What the task asks:
Leave out the pictures. Return every record otherwise untouched.
┌────────
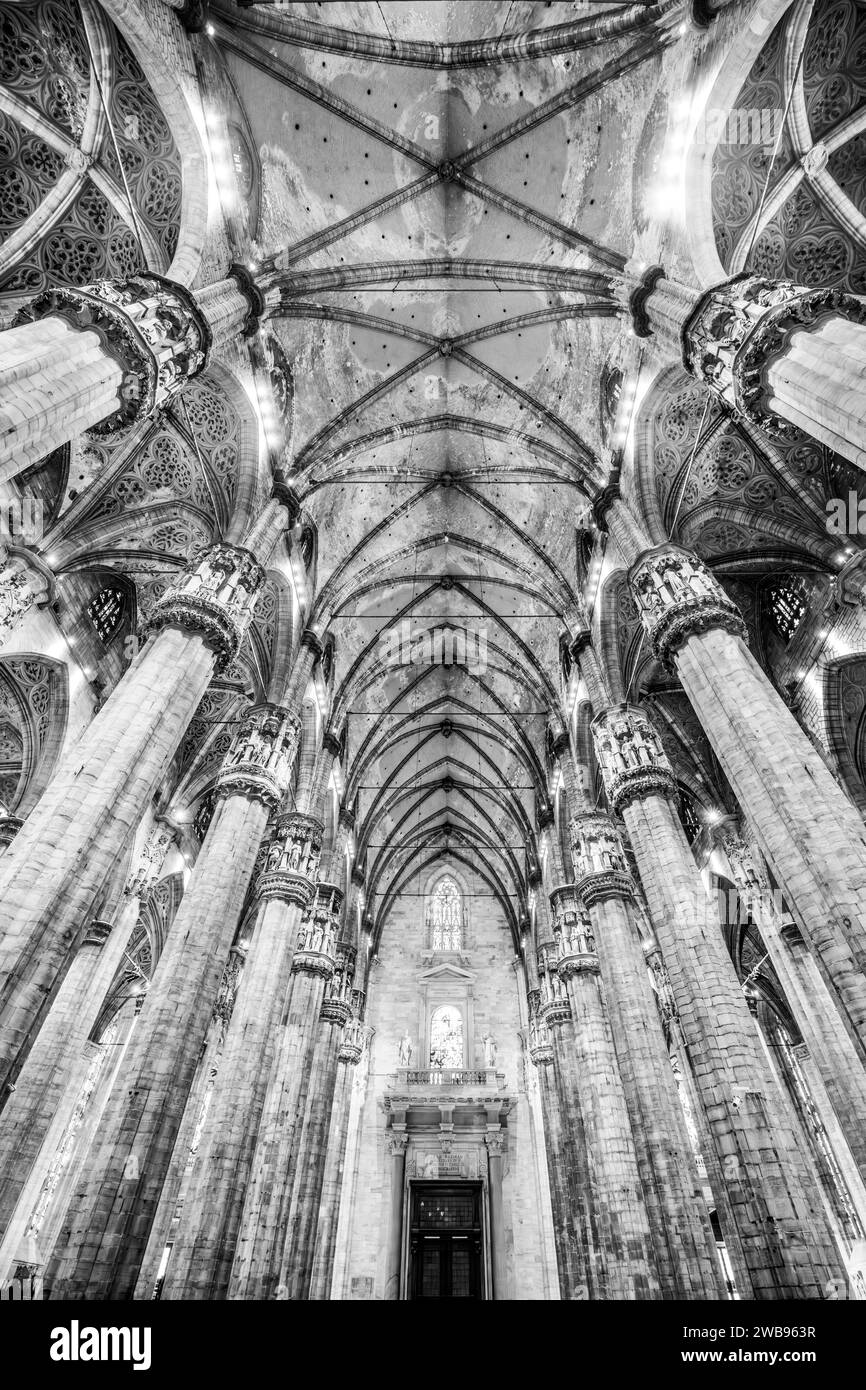 Intérieur de la Cathédrale Métropolitaine-Basilique de la Nativité de Sainte-Marie, alias Duomo, Milan, Italie. Photographie en noir et blanc. Banque D'Images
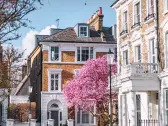 UK house prices at near record highs despite interest rate hikes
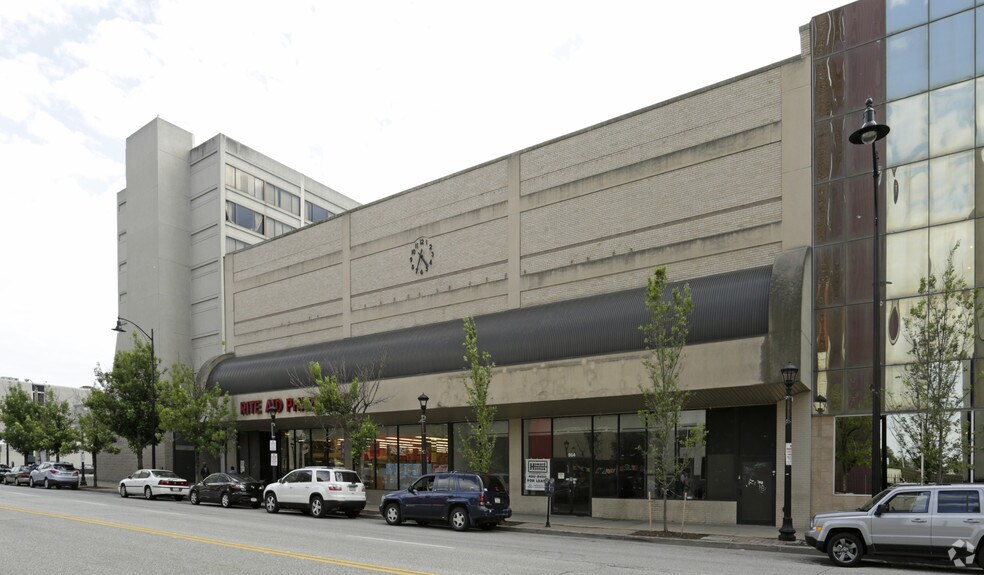 More Photos Of 914-916 State St, Erie Storefront For Lease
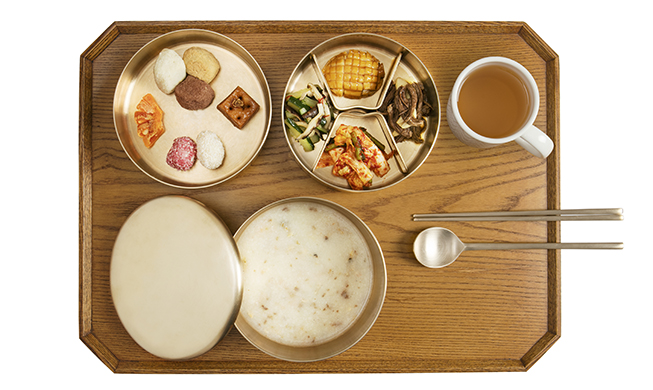 Enjoy Joseon midnight snacks at Gyeongbokgung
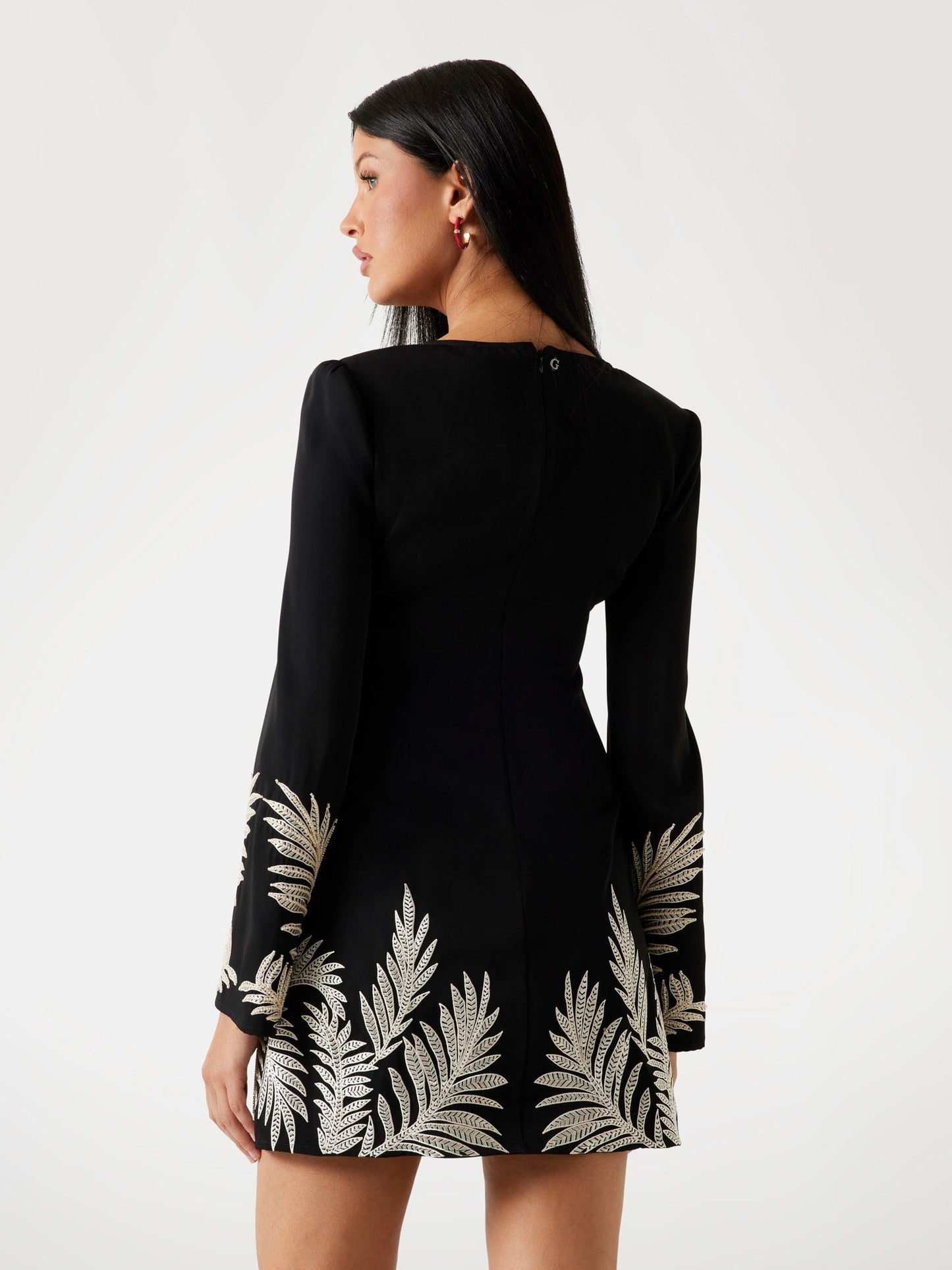 LS ANGELE PLACED MIN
└────────
Output of the exercise:
 Intérieur de la Cathédrale Métropolitaine-Basilique de la Nativité de Sainte-Marie, alias Duomo, Milan, Italie. Photographie en noir et blanc. Banque D'Images
 UK house prices at near record highs despite interest rate hikes
 More Photos Of 914-916 State St, Erie Storefront For Lease
 Enjoy Joseon midnight snacks at Gyeongbokgung
 LS ANGELE PLACED MIN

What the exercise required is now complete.